# Mane 'n Tail detangling spray vs Cowboy Magic detangler...



## Wallaby (Jul 13, 2008)

If you've used both, which do you prefer?
Neither one has silicone in it which is super important to me since Lacey must have the driest tail in the world because if I spray Show Sheen on it or anything similarly siliconed, it immediately starts breaking all over the place.
I've been using Cowboy Magic on her for some time and while I love it, it's expensive! A 4oz bottle of the Mane 'N Tail stuff is only $3.99 at the store while Cowboy Magic detangler is $8.99 for the same amount. 
Both of them say that they condition which is an important detail for me since Lacey has such dry hair.

I just don't want to get the Mane 'N Tail and discover that it gets used up super quickly since my current bottle of Cowboy Magic has lasted me about 2 years with monthly use.

I dunno, it's a quandary. If I had all the money in the world, I'd buy a bottle of Show Sheen since that's great on wet hair and get a 16oz bottle of cowboy Magic detangler too so I had something for every situation. However, at the store that would run me about $40 and I really don't need to, and shouldn't, spend $40 on hair products.

I'll probably just go with the Cowboy Magic, but I thought it wouldn't hurt to ask. 

Also, if anyone has any other suggestions of reasonably priced awesome detanglers, go for it.


----------



## jesredneck98 (Dec 11, 2009)

Something that you can try is detangler of kids. It works super well and is usually much cheaper. You can get a bottle for a couple of dollars and if you don't like it you can go back to using whatever works for you. The cheap stuff generally works just as good as the expensive stuff. I live by show sheen but thats just me and I make up my own mix which works great but is more $$$$$. Good lUck


----------



## PaintHorseMares (Apr 19, 2008)

jesredneck98 said:


> Something that you can try is detangler of kids. It works super well and is usually much cheaper. You can get a bottle for a couple of dollars and if you don't like it you can go back to using whatever works for you. The cheap stuff generally works just as good as the expensive stuff. I live by show sheen but thats just me and I make up my own mix which works great but is more $$$$$. Good lUck


I agree. We use Suave detangler for kids and it works just as well as any horse product we've tried.


----------



## ridergirl23 (Sep 17, 2009)

I use mane and tail just when I'm getting knots out before I ride, but cowboy magic when I want a stunning shiny glossy tail for a show  mane and tail works, but I find doesn't give such a shiny/conditioned tail cowboy magic does  haha but then again I'm a little bit of a dressage diva when it comes to grooming xD
_Posted via Mobile Device_


----------



## BaliDoll (Sep 21, 2009)

Cowboy magic has detangled some REAL messes in my horses manes and tails.... I am a loyal fan.  I loooove how it smells too! <3


----------



## horsea (Dec 28, 2009)

I use both, sometimes at the same time lol.
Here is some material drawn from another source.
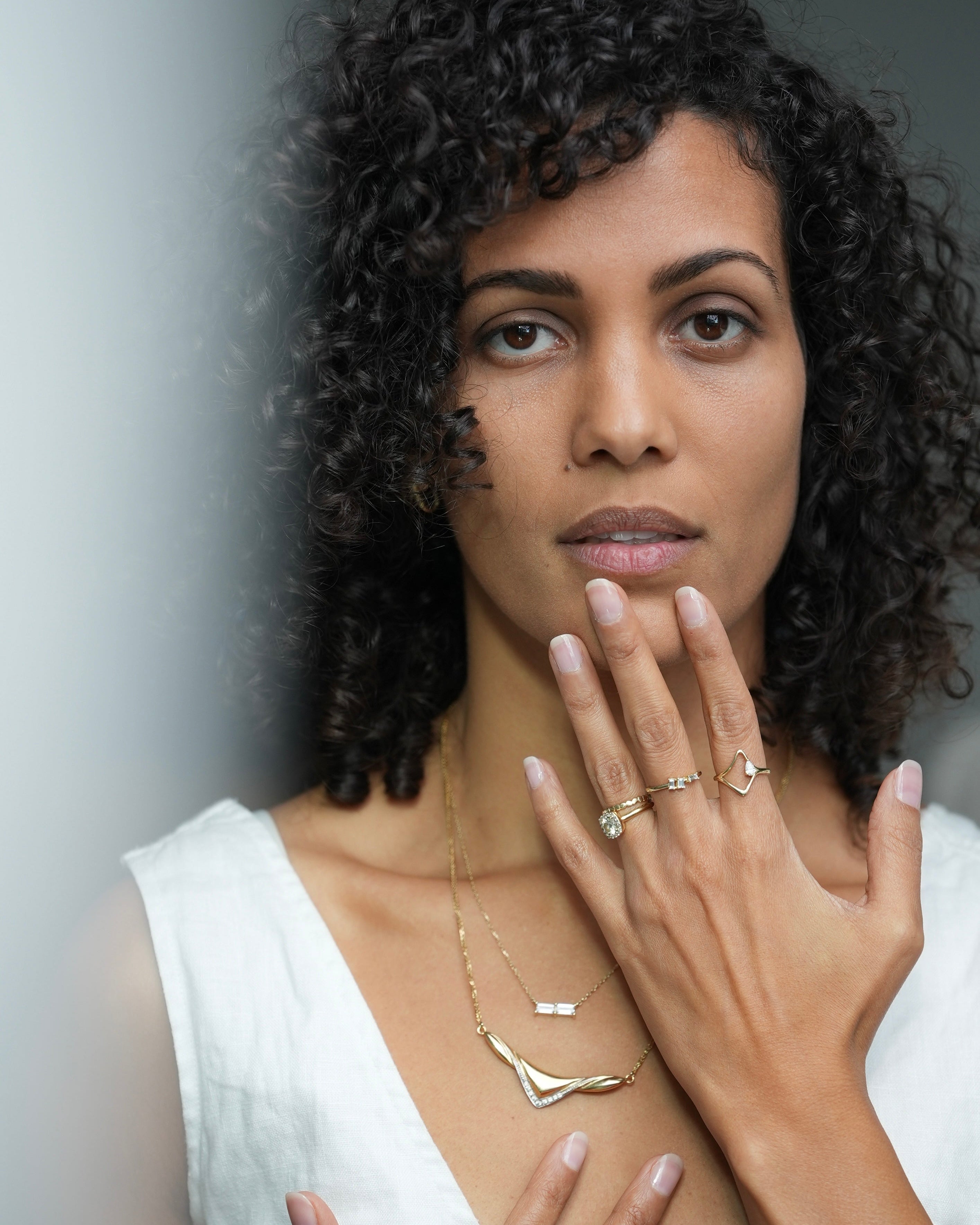 Woman wearing gold jewelry with a neutral background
They work for my long-haired horses:


----------



## SorrelHorse (Apr 9, 2009)

I use Mane N' Tail on my horses because It works on my hair too lol. I like to share with my horses 
_Posted via Mobile Device_


----------



## jesredneck98 (Dec 11, 2009)

*Love the Lenght*



horsea said:


> I use both, sometimes at the same time lol. They work for my long-haired horses:


Sorry to use this page for this but BEAUTIFUL MANES! No matter what you use these horses mane's are fantastic!


----------



## Jillyann (Mar 31, 2009)

Cowboy Magic. <3 It has gotten out some pretty nasty wind knots out of my horses hair!


----------



## grayshell38 (Mar 9, 2009)

Cowboy magic. Deja's hair is always sun bleached at the ends and feel like straw, but CM makes them nice and soft again.


----------



## Gidget (Jan 19, 2010)

I use mane and tail. Right now I just use the shine spray kind and it conditions really well. My horse's mane and tail glisten even if she gets a little dirty. I can run a comb through it and no tangles and she usually has a lot. I recommend mane and tail products. It's reasonable and works!


----------



## kitten_Val (Apr 25, 2007)

I used mane 'n tail but I do think the hair felt somewhat greasy after. I just got a bottle of show sheen to give it a try. Is it just us or Cowboy Magic is always sold as concentrated stuff? I never could find a spray bottle (like mane 'n tail), it's always very concentrated solution (and that's why I never bought it).


----------



## ridergirl23 (Sep 17, 2009)

ok, I just gave my horse and my aunts horse a bath for the show this weekend, and WOW, I've never seen such a knotty/messy tail, I literally had the load it with cowboy magic (even though I was almost positive I was going to have to cut it out) and after a while it got it out! My mane and tail spray didn't do a thing, thank god for cowboy magic! But when I just want to get tiny knots out of the tail I use mane and tail, but my aunts horse has such a thick tail the spray doesn't help on it. Haha
_Posted via Mobile Device_


----------